A Multi-Model Analysis of the Cloud Phase Transition in 16 GCMs Using Satellite Observations (CALIPSO/GPCP) and Reanalysis Data (ECMWF/MERRA).

Thursday, 18 December 2014
Grégory Cesana1, Duane Edward Waliser1, Xianan Jiang2 and Jui-Lin F Li1, (1)NASA Jet Propulsion Laboratory, Pasadena, CA, United States, (2)JIFRESSE/UCLA, Pasadena, CA, United States
The ubiquitous presence of clouds within the troposphere contributes to modulate the radiative balance of the earth-atmosphere system. Depending on their cloud phase, clouds may have different microphysical and macrophysical properties, and hence, different radiative effects.

In this study, we took advantage of climate runs from the GASS-YoTC and AMIP multi-model experiments to document the differences associated to the cloud phase parameterizations of 16 GCMs. A particular emphasize has been put on the vertical structure of the transition between liquid and ice in clouds. A way to intercompare the models regardless of their cloud fraction is to study the ratio of the ice mass to the total mass of the condensed water. To address the challenge of evaluating the modeled cloud phase, we profited from the cloud phase climatology so called CALIPSO-GOCCP, which separates liquid clouds from ice clouds at global scale, with a high vertical resolution (480m), above all surfaces.

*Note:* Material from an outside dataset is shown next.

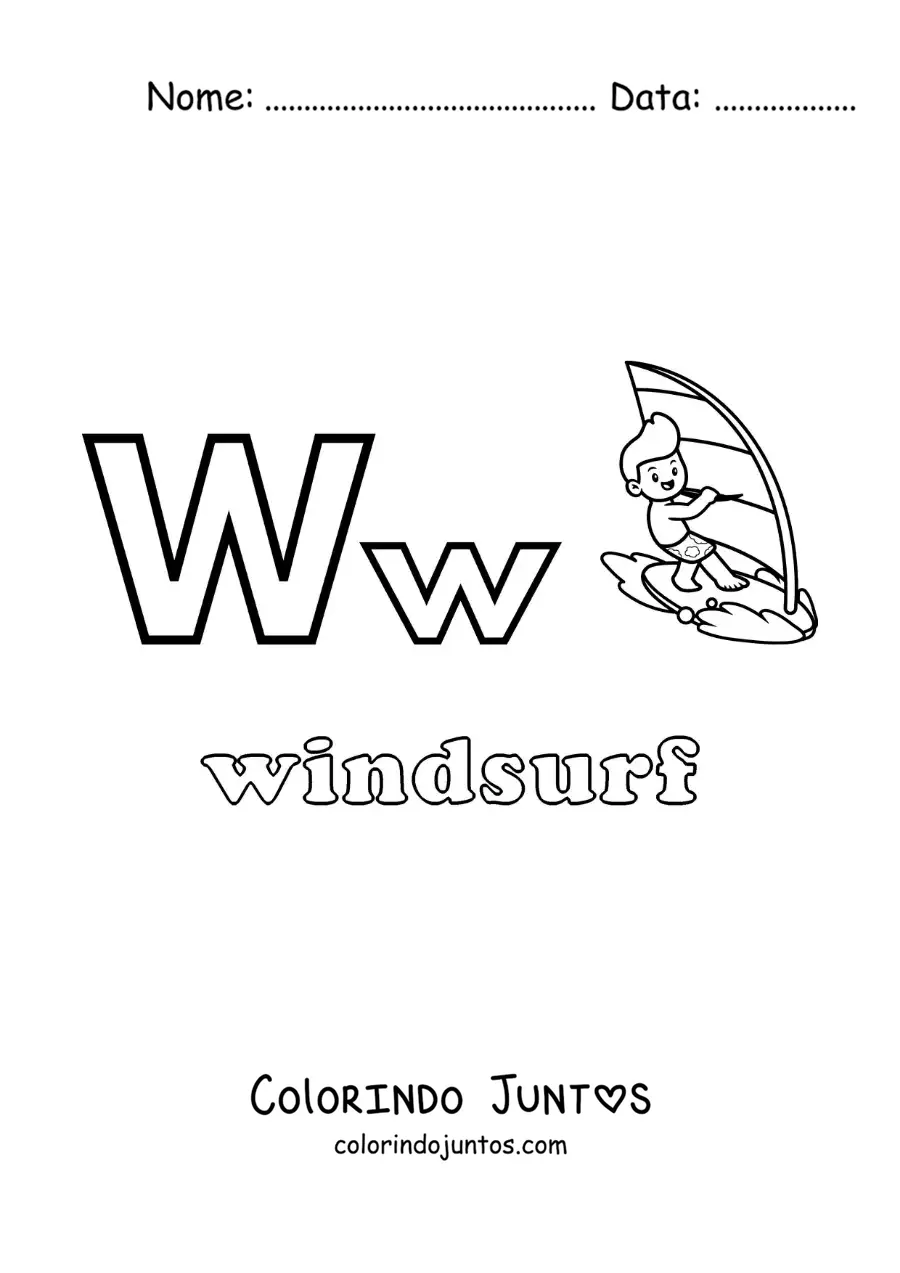Desenho para colorir de W de windsurfe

We also used reanalysis data and GPCP satellite observations to investigate the influence of the temperature, the relative humidity, the vertical wind speed and the precipitations on the cloud phase transition. In 12 (of 16) models, there are too few super cooled liquid in clouds compared to observations, mostly in the high troposphere. We exhibited evidences of the link between the cloud phase transition and the humidity, the vertical wind speed as well as the precipitations. Some cloud phase schemes are more affected by the humidity and the vertical velocity and some other by the precipitations.

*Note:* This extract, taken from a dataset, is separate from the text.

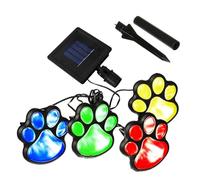 4 luces solares con estampado de huellas de animales de perro, farol LED de 3 pulgadas para exteriores, jardín, camino, paisaje, pasarela, patio (colorido)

Although a few models can reproduce the observe relation between cloud phase and temperature, humidity, vertical velocity or precipitations, none of them perform well for all the parameters.

An important result of this study is that the T-dependent phase parameterizations do not allow simulating the complexity of the observed cloud phase transition. Unfortunately, more complex microphysics schemes do not succeed to reproduce all the processes neither. Finally, thanks to the combined use of CALIPSO-GOCCP and ECMWF water vapor pressure, we showed an updated version of the Clausius-Clapeyron water vapor phase diagram. This diagram represents a new tool to improve the simulation of the cloud phase transition in climate models.